This page is viewed 1634 times

AFP

Looters who raided Egypt's famed museum during the unrest that toppled Hosni Mubarak hauled off a trove of ancient treasures, including a statue of King Tutankhamun, officials said on Sunday.

A gilded wood statue of Tutankhamun harpooning fish, parts of which were stolen from the museum in Cairo

The plundered artefacts include a gilded wooden statue showing the boy pharaoh being carried by a goddess and parts of another statue of him harpooning fish, the minister of state for antiquities, Zahi Hawass, said.

Looters broke into the museum in Cairo's Tahrir Square on January 28 when anti-Mubarak protesters drove his despised police from the streets in a series of clashes and torched the adjacent ruling party headquarters.

Museum director Tarek al-Awadi said looters went on a rampage, shattering 13 display cases and at least 70 artefacts. He added that curators were still carrying out an inventory to determine the extent of the losses.

The missing pieces include a limestone statue of Pharaoh Akhenaten holding an offering table, a statue of Queen Nefertiti making offerings and a sandstone head of a princess from Amarna, a vast archaeological site in central Egypt.

Also missing were a stone statuette of a scribe from Amarna and 11 wooden shabti statuettes of Yuya, a powerful courtier from the time of the 18th Dynasty, which ruled along the banks of the Nile more than 3,000 years ago.

A heart scarab -- an amulet placed on the chest of the mummy to ensure the heart was not removed -- belonging to Yuya was also missing, Awadi added.

In all, the press release listed seven individual items and a group of 11 statues as missing.

Soldiers outside the museum on Sunday were tight-lipped about the alleged theft. A lieutenant colonel who declined to give his name said only: "Two or three things were stolen, little things like rings."

Troops have arrested two or three suspects and were searching for others, the officer said, adding that the looters had broken in through a window.

Founded in 1858 by French Egyptologist Auguste Mariette, the museum contains more than 100,000 artefacts, including the world renowned -- and reputedly cursed -- treasures from Tutankhamun's tomb.

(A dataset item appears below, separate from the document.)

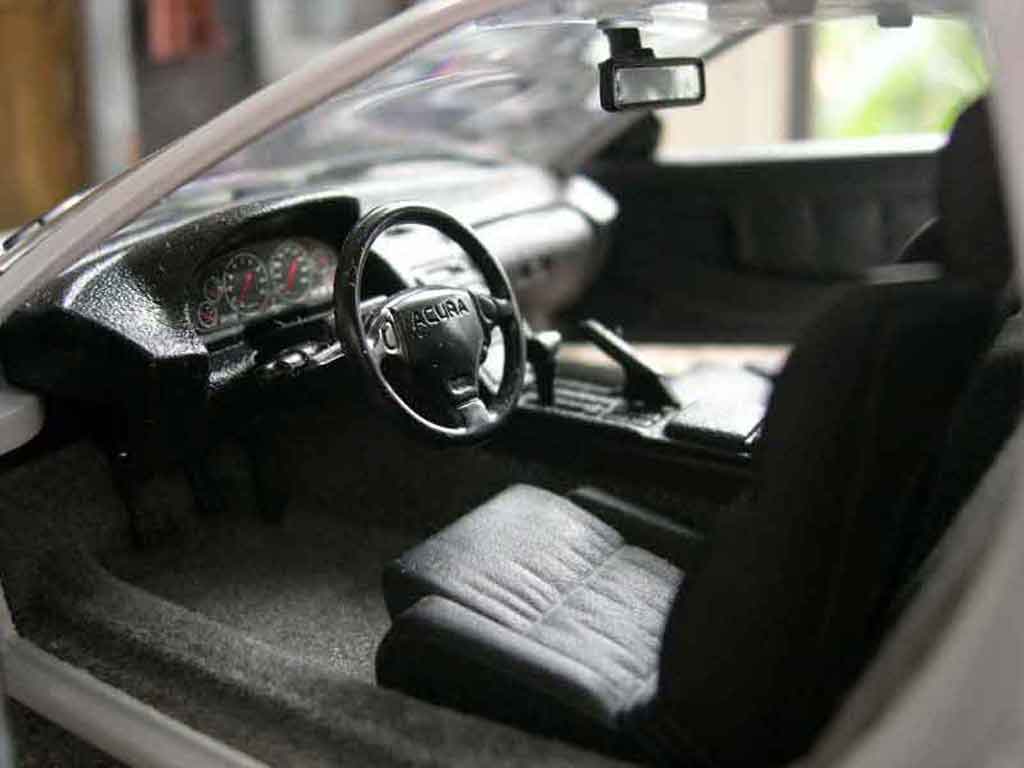 Acura NSX Berlinetta wit 1/18 Kyosho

The best-known artefact is Tutankhamun's gold funerary mask, which stares out from a case on the first floor of the museum. The 18th dynasty monarch, better known as King Tut, ruled Egypt in the 13th century BC.

Hawass, in his statement, said an investigation has been launched to find those behind the theft, adding that "the police and army plan to follow up with the criminals already in custody."

The museum standing on the main protest square was protected by tanks and briefly by a cordon of citizen volunteers during the 18 days of anti-government rallies that ousted president Mubarak and cost at least 300 lives.

The theft recalls the even more disastrous looting of Baghdad's National Museum in April 2003 following the US invasion to overthrow Saddam Hussein, when thieves stole thousands of pieces and smashed several others.